You can set additional Options before running the analysis.
This lists data structures appropriate to the current input field. Double-click a name to copy it to the current input field or type the name..
The data can be supplied in either of the following formats:
|Means||A variate containing means for each probe. These are normally the estimates of differential expression for the effect or a contrast from the trial.|
|t-values||A variate containing the t-values for each probe, i.e. an effect or contrast divided by its standard error.|
|Pointer||A pointer to the columns of data, one variate per slide, with the probes in the same position within each variate. The means and standard deviations will be calculated from the raw data.|
Specifies the data for the analysis. The label displayed and required data structure type for this option depends on the current selection in the Data type list.
The standard deviations for each probe when the data are supplied as means or t-values.
Degrees of freedom
The degrees of freedom when the data are supplied as means or t-values.
Lets you save results from the analysis.
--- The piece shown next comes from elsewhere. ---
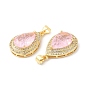 Real 16K Gold Plated Brass Micro Pave Cubic Zirconia Pendants, with Glass, Teardrop Charms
Type the names for the identifiers of the data structures into the corresponding fields.
|Modified t-values||Variate||The adjusted t -values, using the modified standard deviations calculated as below|
|Modified SDs||Variate||The modified standard deviations for each probe as specified in equation 2. Note that the values for d0 and s0 can be displayed in the Output window, if the options to display these are selected.|
|Modified probabilities||Variate||The modified probabilities of the t-values being significantly different from zero when the true mean is 0. This is a two sided probability, for example using the Genstat command language,
CALC Mod_Pr = 2*CLT(ABS(T);D0+DG)
Display in spreadsheet
When selected, the saved results will also be displayed within spreadsheet windows. If a spreadsheet containing the Probability variate is currently open within Genstat, the saved results will be added to this spreadsheet.
|Run||Run the analysis.|
|Cancel||Close the dialog without further changes.|
|Options||Opens a dialog where additional options and settings can be specified for the analysis.|
|Defaults||Reset options to their default settings. Clicking the right mouse on this button produces a shortcut menu where you can choose to set the options using the currently stored defaults or the Genstat default settings.|
|Pin||Controls whether to keep the dialog open when you click Run. When the pin is up the dialog will remain open, otherwise when the pin is down the dialog will close.|
|Restore||Restore names into edit fields and default settings.|
|Graphics Output||Controls how graphs are to be drawn. You can either draw the graph in the Graphics View or save direct to files (JPEG, TIFF, EPS, EMF, GMF, BMP or PNG).|
|Clear||Clear all fields and list boxes.|
|Help||Open the Help topic for this dialog.|
The following image shows the estimation of the modified t-values and probabilities for the differential expression in a knock out mouse experiment (Estimates13-6-9.gsh). The dialog to do this analysis is shown below:
The options controlling the output and plots is:
This produces the output:
Empirical Bayes estimation of modified t-values
Data CTVal(variate of t-values) Number of tests 3519 Mean standard deviation 0.2437 Median standard deviation 0.2082 Median degrees of freedom 3.000 Prior standard deviation 0.2122 Prior degrees of freedom 3.995
This produces the plot of the modified p-values vs the raw p-values:
and the plot of the modified versus the raw t-values which shows a very strong linear relationship between the two as the degrees of freedom only range between 11 and 14.